Папа занимает мое место в кресле и смотрит на меня. Он выглядит таким усталым, бледным, щеки ввалились, глаза покраснели, губы потрескались.

Он выглядит мертвым. Почти.

− Ты была моим ключом. Я спрятал правду в тебе, − пока он говорит, плоть начинает кусками отваливаться от его лица, на месте щек появляются зияющие дыры и становятся видны щелкающие зубы.

Я начинаю плакать. Горячие слезы обжигают щеки. Они напоминают мне пчелиные укусы.

− Когда ты проснешься, твое лицо будет сухим. Но это не значит, что ты не плакала.

Жужжание становится громче. Это больше не фоновая музыка. А снова звук, сводящий меня с ума.

− Я схожу с ума, да? − шепчу я. Страх перед этим озаряет меня будто ужасное откровение. В лаборатории не было пчел. Теперь я это понимаю. Пчел не было. Лишь я. Сумасшедшая я.

Или… может, я не схожу с ума. Может быть, я что-то вроде андроида-киборга-клона, и просто ломаюсь. Не знаю даже, что хуже.

Папа смеется. При этом остальная часть его кожи и плоти трескается и отваливается от головы, обнажая ухмыляющийся череп. Его глаза закатываются в глазницах, а затем вовсе выпадают, свисая на красной вене. Вены лопаются вместе с глазами, разбрызгиваясь по земле.

− Ты не в том, не в правильном уме, дорогая, − отвечает он. − Нет, нет, нет, ты не в нем.

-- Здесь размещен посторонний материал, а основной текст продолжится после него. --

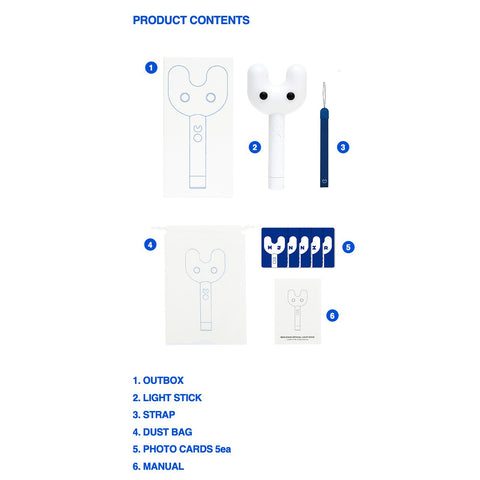 NEWJEANS - Official Light Stick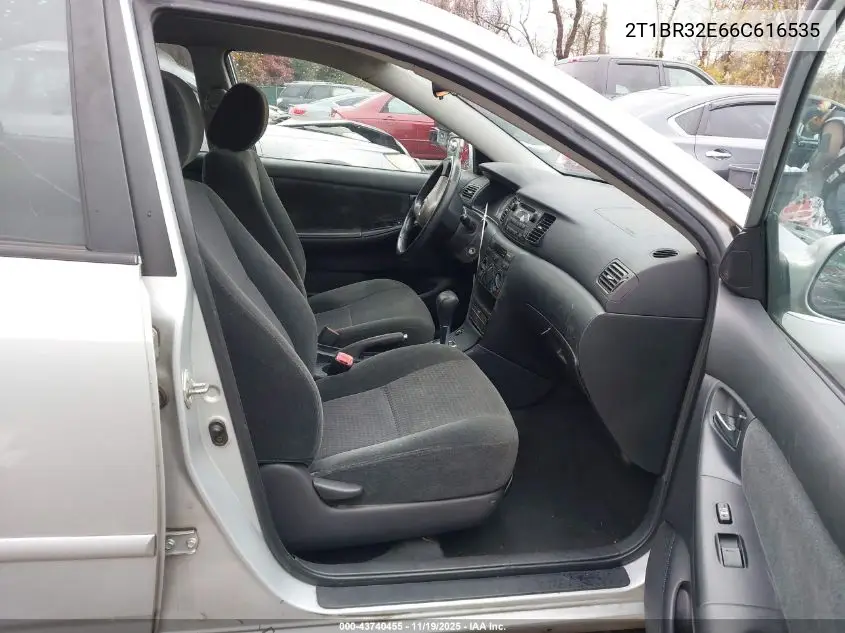 2T1BR32E66C616535 2006 Toyota Corolla S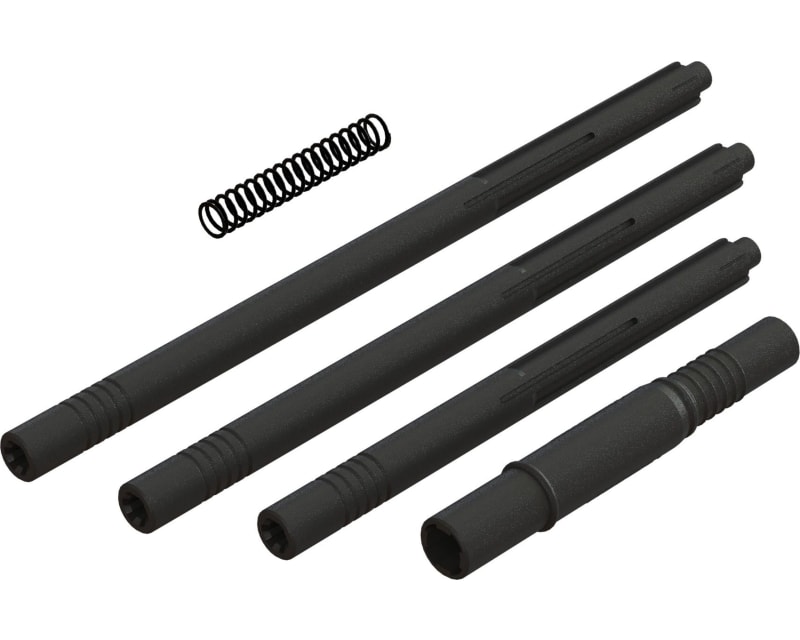 Composite Center Slider Driveshaft Set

Он продолжает смеяться. И делает это до тех пор, пока от него не остается ничего, кроме клацанья зубов и нескончаемого жужжания миллионов пчел в моих ушах.

А затем…

Молчание.

Папа исчезает, вместе с ним и кресло грез.

Просто темнота. Я вспоминаю, что нахожусь в грезах о чем-то мертвом. Что бы это ни было − оно мертво.

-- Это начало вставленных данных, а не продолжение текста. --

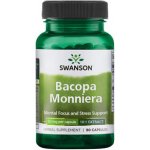 Swanson Bacopa Monnieri Extract BaCognize 50 mg 10:1 extract 90 kapslí – Hledejceny.cz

И когда я уже начинаю задумываться о своей смерти, я замечаю свет, далеко, где-то в углу пейзажа грез. Свет не мягкий, а потрескивает, словно тихая молния, горящая электричеством, искры вылетают, с шипением растворяясь в темноте.

Не знаю почему − ведь это не имеет смысла, как часто бывает в грезах − но я хочу прикоснуться к свету.

Так и делаю.

Свет изгибается дугой из угла грез, соединяясь с кончиками моих пальцев. И сжигает меня изнутри, молния ударяет по моим органам, пронзает кровь.

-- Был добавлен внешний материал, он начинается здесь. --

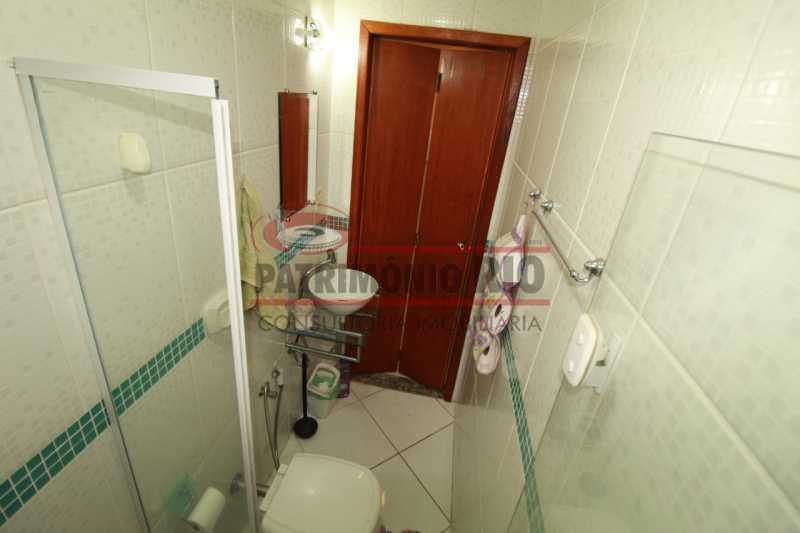 Conheça Banheiro do imóvel - Casa de Vila 3 quartos à venda Irajá, Rio de Janeiro - R$ 490.000 - PACV30042 - 18 Banheiro - Casa de Vila 3 quartos à venda Irajá, Rio de Janeiro - R$ 490.000 - PACV30042 - 18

Я слышу голос, знакомый, он мне нравится.

− Мам, − шепчу я.

И есть что-то внутри меня, какое-то неопределимое знание, которое я не могу объяснить, но когда свет отвечает, произнося мое имя, я уверена, что это голос матери. Моя мама. Моя настоящая мама − а не то, что было похоже на нее; не то, что носило ее лицо, звучало, пахло и выглядело как она.

Это голос моей матери.

− Элла, − повторяет она, и этот звук находит отклик в моей душе.

И тут я понимаю: что-то не так.

− Мам? − спрашиваю я. Голос дрожит от страха и электричества.

− Я держалась, сколько могла, − говорит она. − Но теперь ты должна меня отпустить. Отпусти, потому что ничего не осталось. Больше нет.

Я резко открываю глаза. Джек нависает надо мной, на его лице четко читается беспокойство. − Элла? − зовет он, и я знаю, что он произносит мое имя, чтобы посмотреть, смогу ли я ответить ему криком или жужжанием.

− Я в порядке, − шепчу я, хотя на самом деле это не так.